● What the task requires
Using only the entries below, copy exactly the lines that begin at the one with "uma piscina com" and end at the one with "Villa avec piscine en bord de mer", both included. Drop the pictures.

● Records for this task

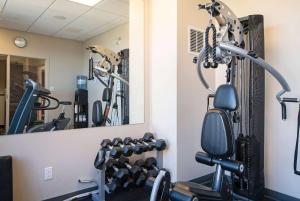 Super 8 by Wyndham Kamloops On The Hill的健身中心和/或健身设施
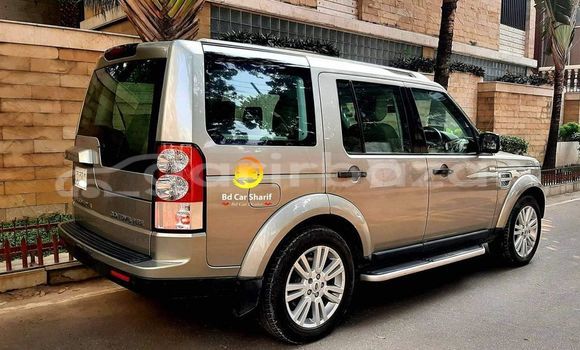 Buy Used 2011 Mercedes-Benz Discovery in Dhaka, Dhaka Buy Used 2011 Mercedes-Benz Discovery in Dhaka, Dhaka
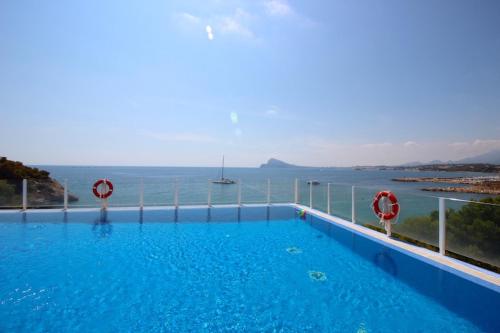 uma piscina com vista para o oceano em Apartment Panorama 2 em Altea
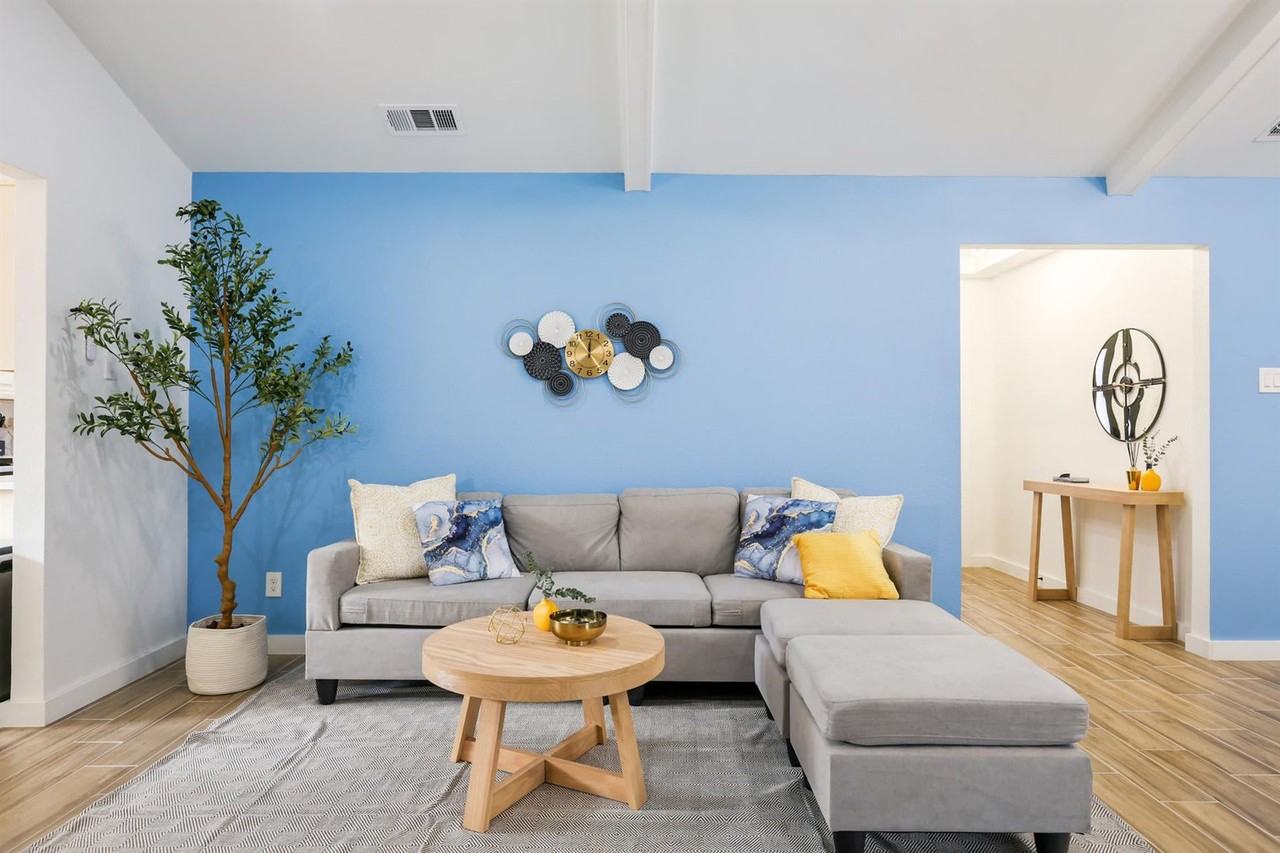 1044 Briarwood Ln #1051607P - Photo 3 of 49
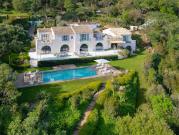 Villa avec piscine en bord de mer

...

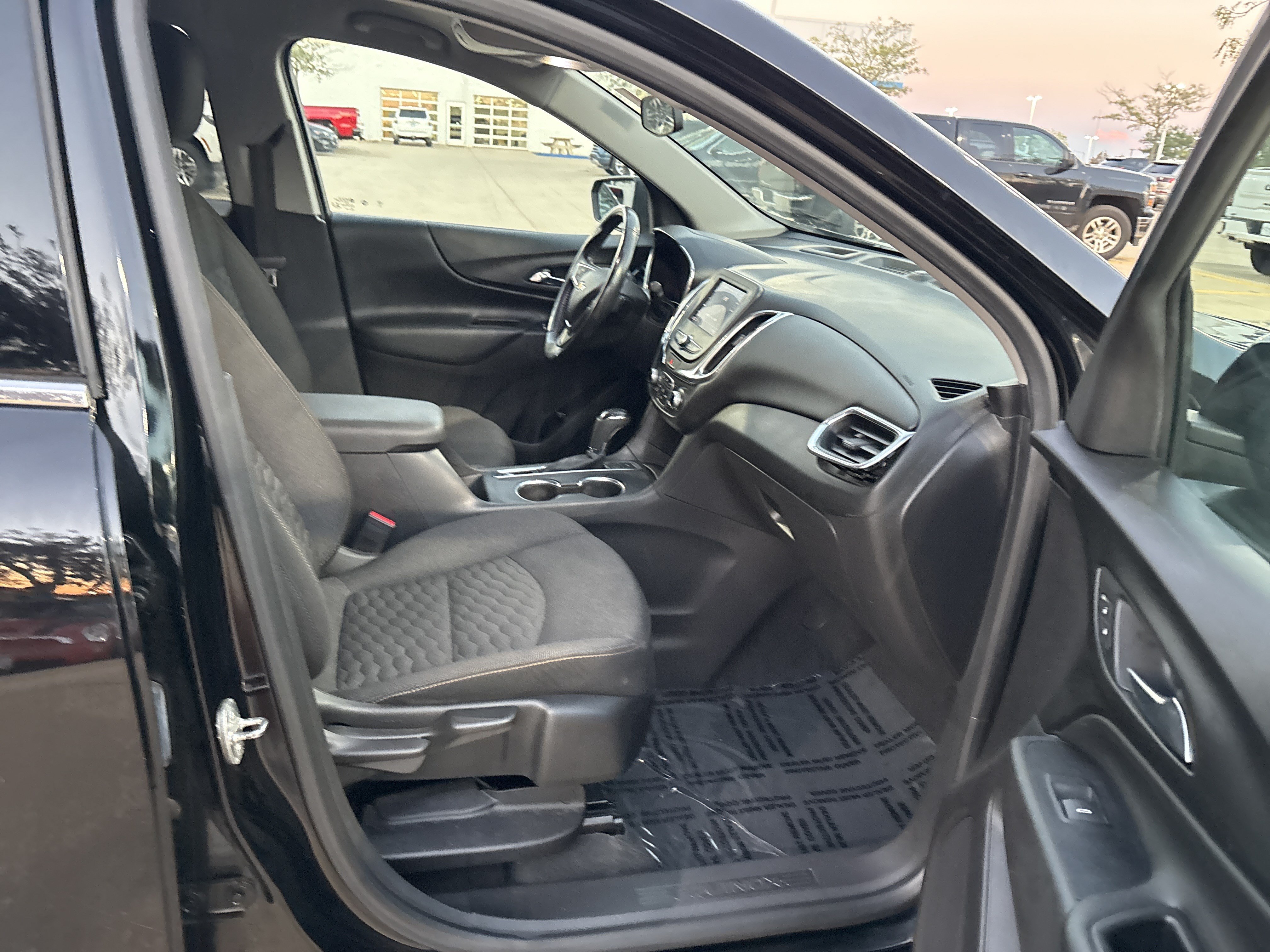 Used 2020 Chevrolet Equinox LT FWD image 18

==

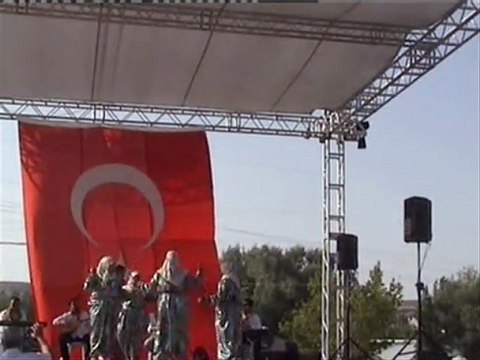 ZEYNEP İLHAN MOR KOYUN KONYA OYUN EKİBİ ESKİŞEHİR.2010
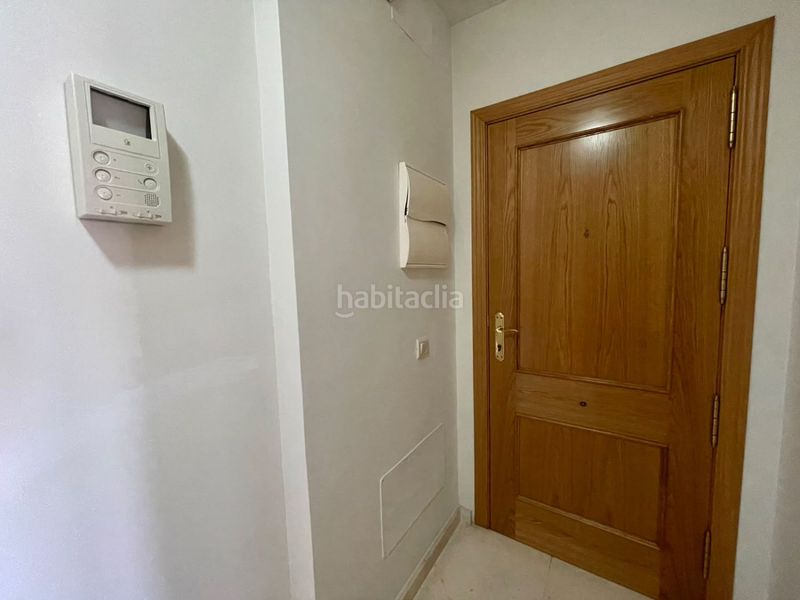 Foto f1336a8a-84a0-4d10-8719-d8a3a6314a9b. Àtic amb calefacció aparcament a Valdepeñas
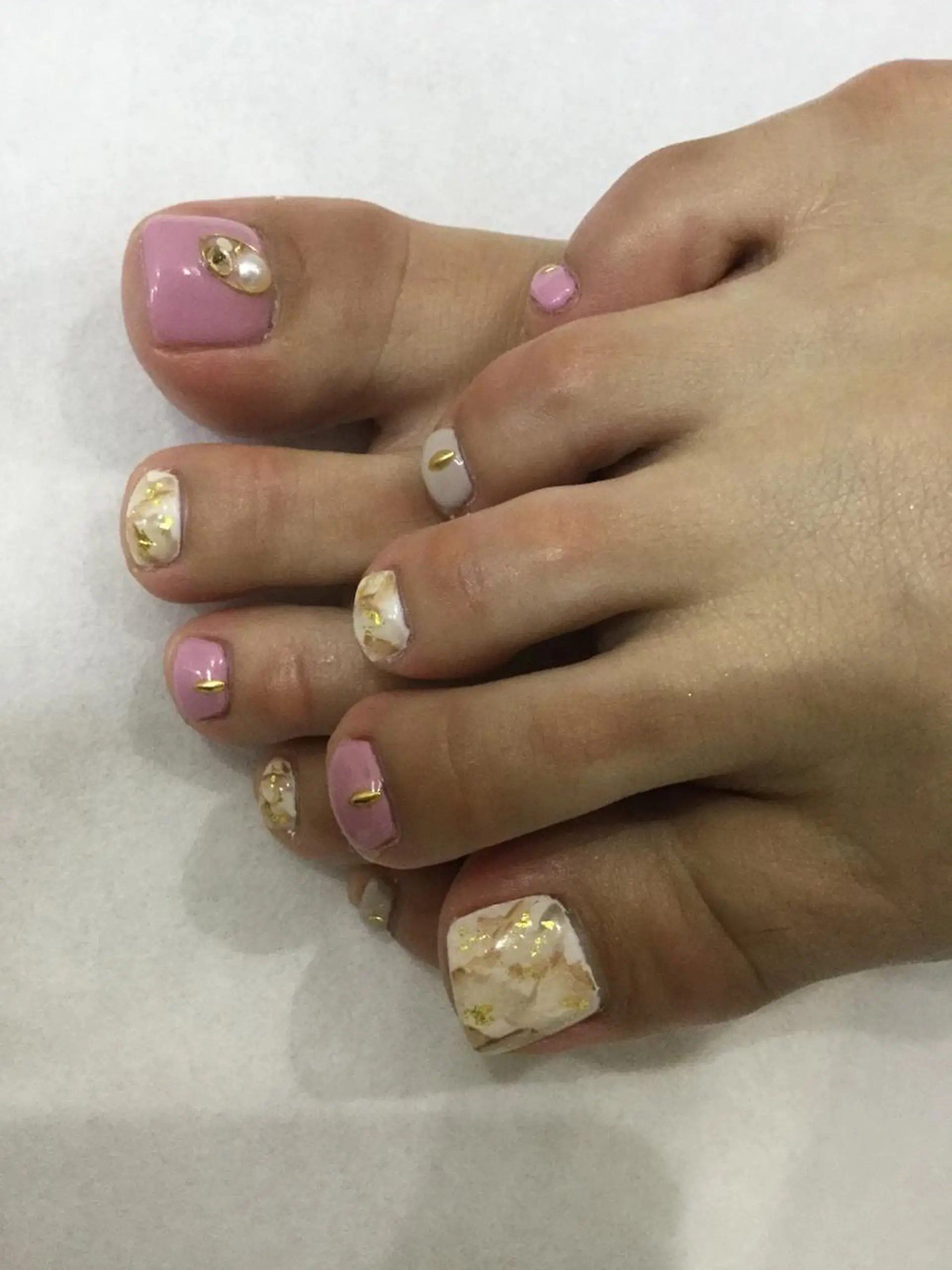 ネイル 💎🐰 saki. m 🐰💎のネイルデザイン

● Output
 uma piscina com vista para o oceano em Apartment Panorama 2 em Altea
 1044 Briarwood Ln #1051607P - Photo 3 of 49
 Villa avec piscine en bord de mer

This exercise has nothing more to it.